GIVEN INFORMATION ▸

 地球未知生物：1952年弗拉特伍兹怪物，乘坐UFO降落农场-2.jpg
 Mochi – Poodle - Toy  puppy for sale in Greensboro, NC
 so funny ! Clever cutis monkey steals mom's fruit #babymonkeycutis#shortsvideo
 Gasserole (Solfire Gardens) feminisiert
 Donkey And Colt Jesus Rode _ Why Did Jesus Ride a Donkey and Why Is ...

* * *

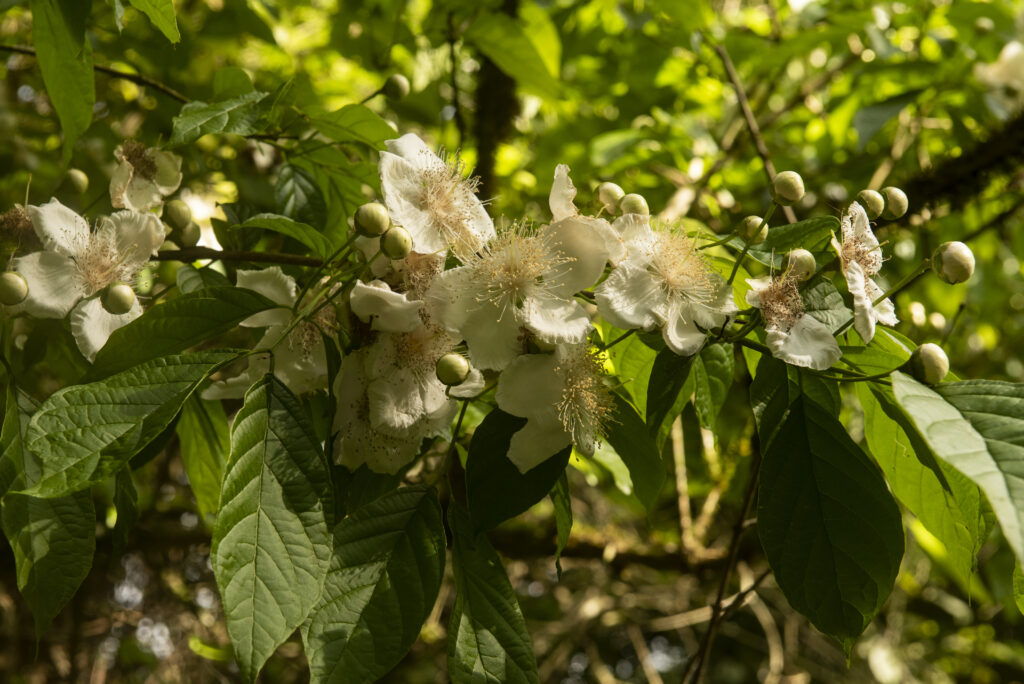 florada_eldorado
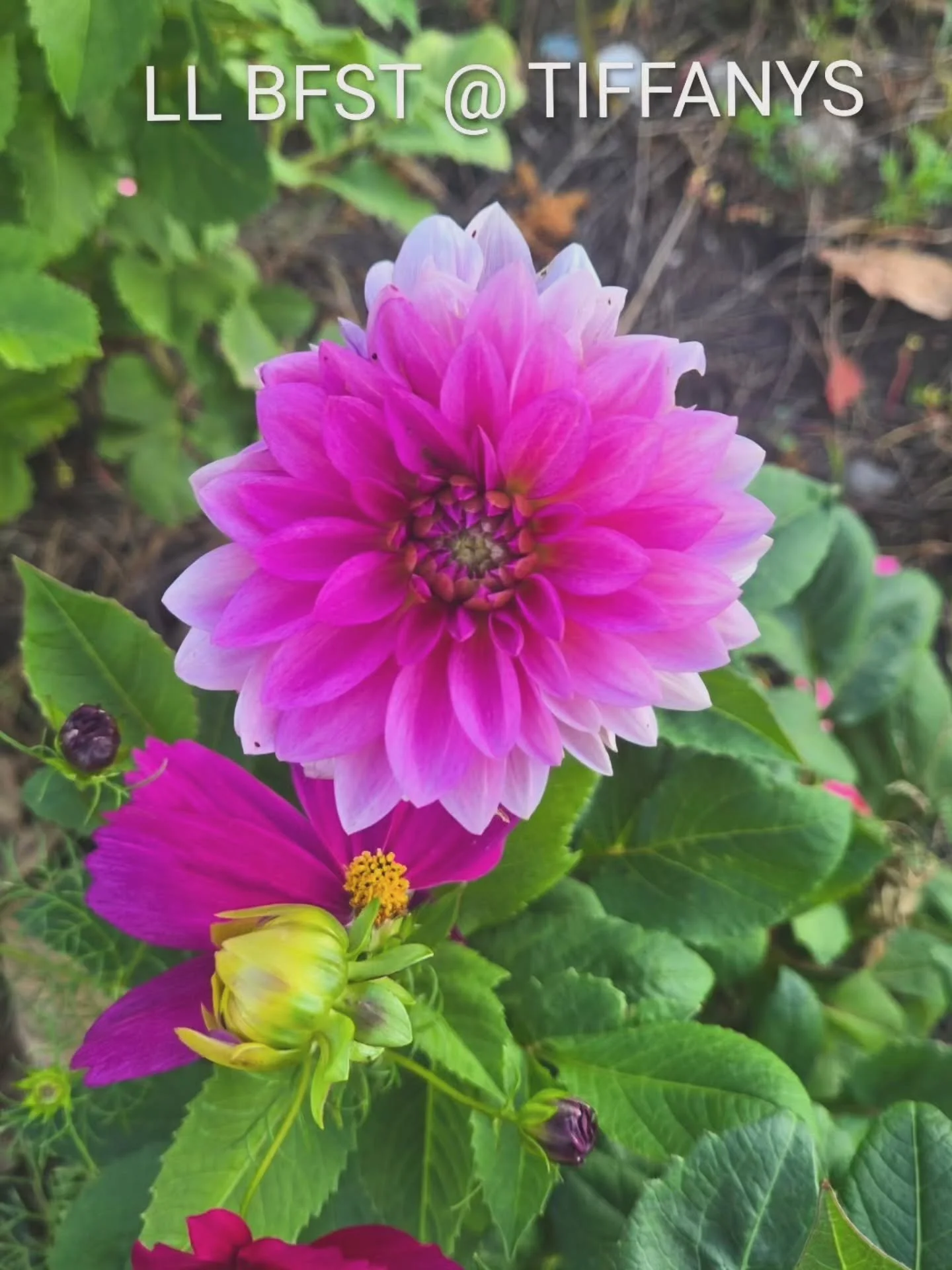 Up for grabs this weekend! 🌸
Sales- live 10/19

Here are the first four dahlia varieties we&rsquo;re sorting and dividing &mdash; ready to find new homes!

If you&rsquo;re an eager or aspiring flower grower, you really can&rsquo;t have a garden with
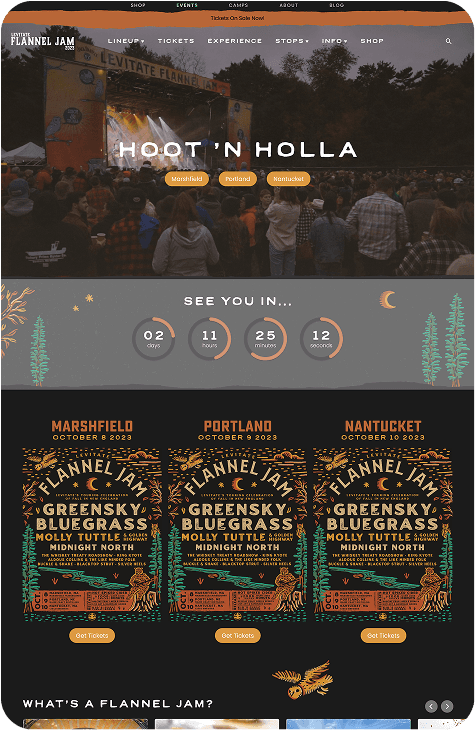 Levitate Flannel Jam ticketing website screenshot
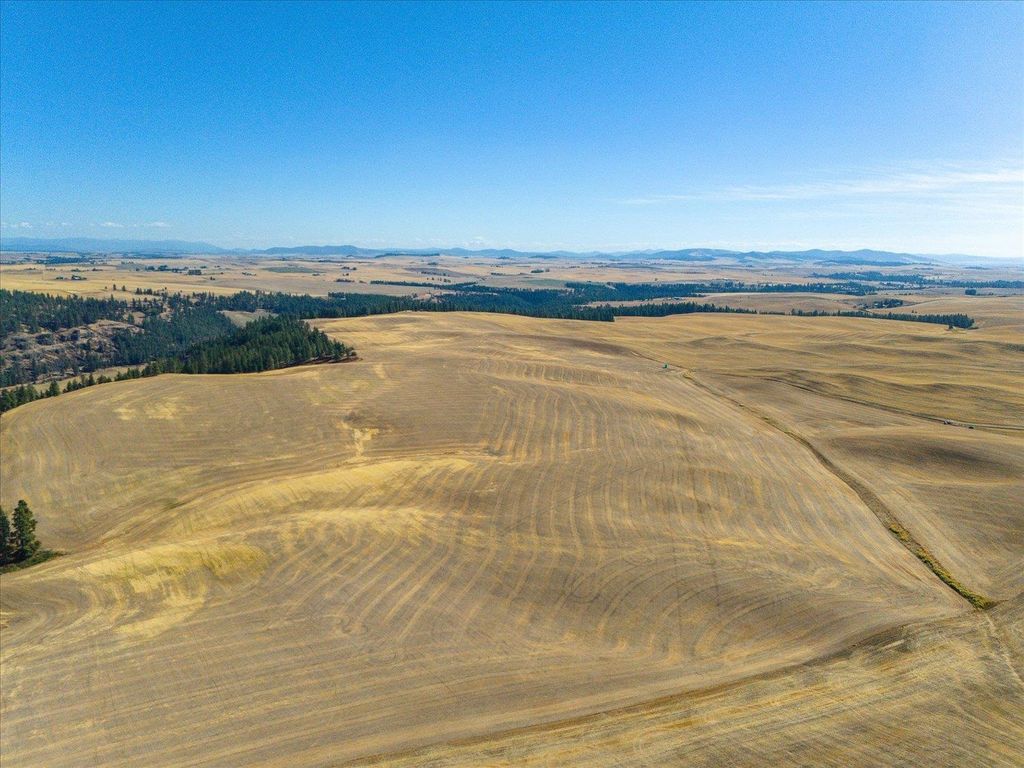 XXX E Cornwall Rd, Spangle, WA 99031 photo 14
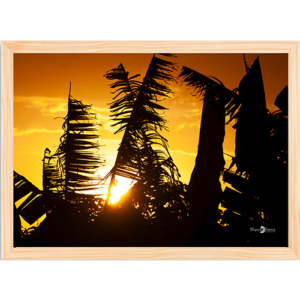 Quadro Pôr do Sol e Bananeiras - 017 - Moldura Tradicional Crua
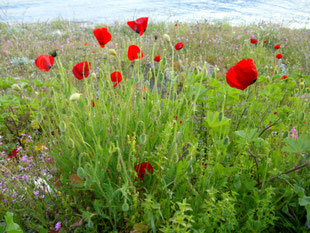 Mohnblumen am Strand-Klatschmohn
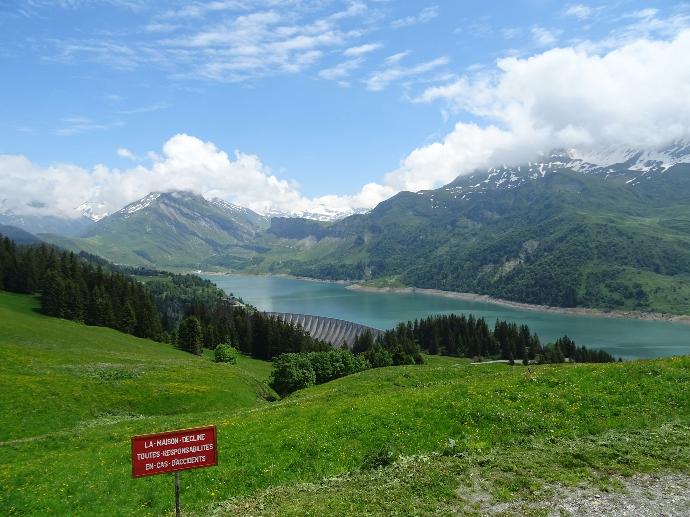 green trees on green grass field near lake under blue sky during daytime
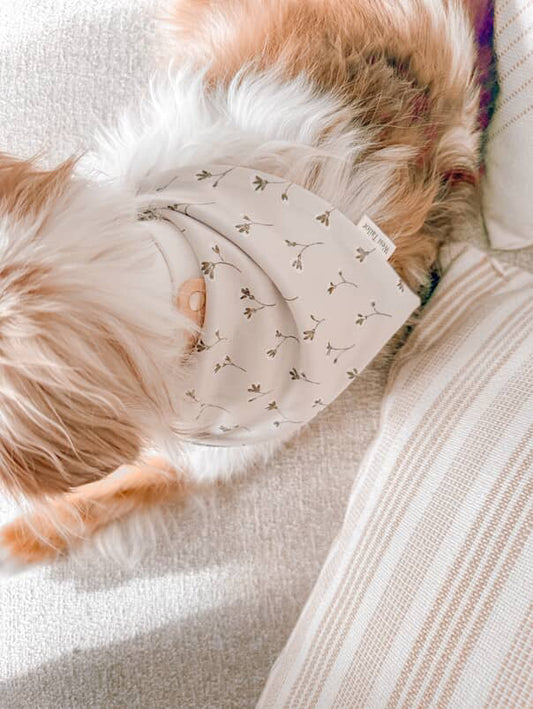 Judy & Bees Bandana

TASK ITEM ▸ The lines to return are those in the entries above that include "rsquo".

OUTPUT OF THE EXERCISE ▸
Here are the first four dahlia varieties we&rsquo;re sorting and dividing &mdash; ready to find new homes!
If you&rsquo;re an eager or aspiring flower grower, you really can&rsquo;t have a garden with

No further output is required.